● **INPUT FOR THIS TASK**
-- Opening Marker --

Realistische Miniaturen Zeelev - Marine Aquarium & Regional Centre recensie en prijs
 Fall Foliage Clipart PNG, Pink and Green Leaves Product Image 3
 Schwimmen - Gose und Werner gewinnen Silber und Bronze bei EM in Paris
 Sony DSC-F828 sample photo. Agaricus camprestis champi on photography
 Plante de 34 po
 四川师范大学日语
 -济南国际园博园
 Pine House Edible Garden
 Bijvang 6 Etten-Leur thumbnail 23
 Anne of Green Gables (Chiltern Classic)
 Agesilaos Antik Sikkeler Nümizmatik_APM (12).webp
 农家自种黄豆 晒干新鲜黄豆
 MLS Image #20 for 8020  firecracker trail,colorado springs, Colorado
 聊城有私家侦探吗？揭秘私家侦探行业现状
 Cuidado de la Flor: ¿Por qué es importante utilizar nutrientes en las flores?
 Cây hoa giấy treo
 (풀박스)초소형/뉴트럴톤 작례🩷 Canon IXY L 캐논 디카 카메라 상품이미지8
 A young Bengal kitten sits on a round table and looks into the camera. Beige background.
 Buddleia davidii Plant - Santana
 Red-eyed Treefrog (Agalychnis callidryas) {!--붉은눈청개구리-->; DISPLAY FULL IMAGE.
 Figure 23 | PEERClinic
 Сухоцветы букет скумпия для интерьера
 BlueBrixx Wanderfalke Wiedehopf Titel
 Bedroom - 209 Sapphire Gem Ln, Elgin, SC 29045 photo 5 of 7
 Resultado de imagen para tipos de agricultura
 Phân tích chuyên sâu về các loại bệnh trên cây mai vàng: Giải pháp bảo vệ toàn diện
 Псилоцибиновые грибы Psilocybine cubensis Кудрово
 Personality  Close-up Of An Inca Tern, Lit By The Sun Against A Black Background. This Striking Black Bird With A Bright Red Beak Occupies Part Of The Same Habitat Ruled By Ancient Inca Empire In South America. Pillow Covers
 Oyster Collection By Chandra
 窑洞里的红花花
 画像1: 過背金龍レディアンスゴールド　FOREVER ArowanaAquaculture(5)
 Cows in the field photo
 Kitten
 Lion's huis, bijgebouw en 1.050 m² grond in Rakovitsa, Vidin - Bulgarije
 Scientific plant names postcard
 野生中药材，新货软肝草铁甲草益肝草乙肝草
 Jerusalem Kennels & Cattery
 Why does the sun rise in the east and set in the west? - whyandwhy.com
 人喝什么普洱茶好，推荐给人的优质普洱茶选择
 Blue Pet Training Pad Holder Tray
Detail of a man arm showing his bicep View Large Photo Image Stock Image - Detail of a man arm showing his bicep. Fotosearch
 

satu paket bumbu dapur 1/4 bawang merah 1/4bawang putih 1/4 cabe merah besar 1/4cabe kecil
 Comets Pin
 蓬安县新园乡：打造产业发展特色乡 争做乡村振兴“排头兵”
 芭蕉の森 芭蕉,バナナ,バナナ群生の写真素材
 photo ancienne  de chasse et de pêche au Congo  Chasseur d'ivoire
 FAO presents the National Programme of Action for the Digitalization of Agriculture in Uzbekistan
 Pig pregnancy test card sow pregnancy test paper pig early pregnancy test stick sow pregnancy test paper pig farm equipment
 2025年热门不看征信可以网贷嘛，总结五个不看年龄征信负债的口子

-- Closing Marker --

● **EXERCISE GOAL**
Output each line exactly, from the first line of the data down to the line that contains "Buddleia davidii Plant - Santana", both included.

● **WRITTEN SOLUTION**
Realistische Miniaturen Zeelev - Marine Aquarium & Regional Centre recensie en prijs
 Fall Foliage Clipart PNG, Pink and Green Leaves Product Image 3
 Schwimmen - Gose und Werner gewinnen Silber und Bronze bei EM in Paris
 Sony DSC-F828 sample photo. Agaricus camprestis champi on photography
 Plante de 34 po
 四川师范大学日语
 -济南国际园博园
 Pine House Edible Garden
 Bijvang 6 Etten-Leur thumbnail 23
 Anne of Green Gables (Chiltern Classic)
 Agesilaos Antik Sikkeler Nümizmatik_APM (12).webp
 农家自种黄豆 晒干新鲜黄豆
 MLS Image #20 for 8020  firecracker trail,colorado springs, Colorado
 聊城有私家侦探吗？揭秘私家侦探行业现状
 Cuidado de la Flor: ¿Por qué es importante utilizar nutrientes en las flores?
 Cây hoa giấy treo
 (풀박스)초소형/뉴트럴톤 작례🩷 Canon IXY L 캐논 디카 카메라 상품이미지8
 A young Bengal kitten sits on a round table and looks into the camera. Beige background.
 Buddleia davidii Plant - Santana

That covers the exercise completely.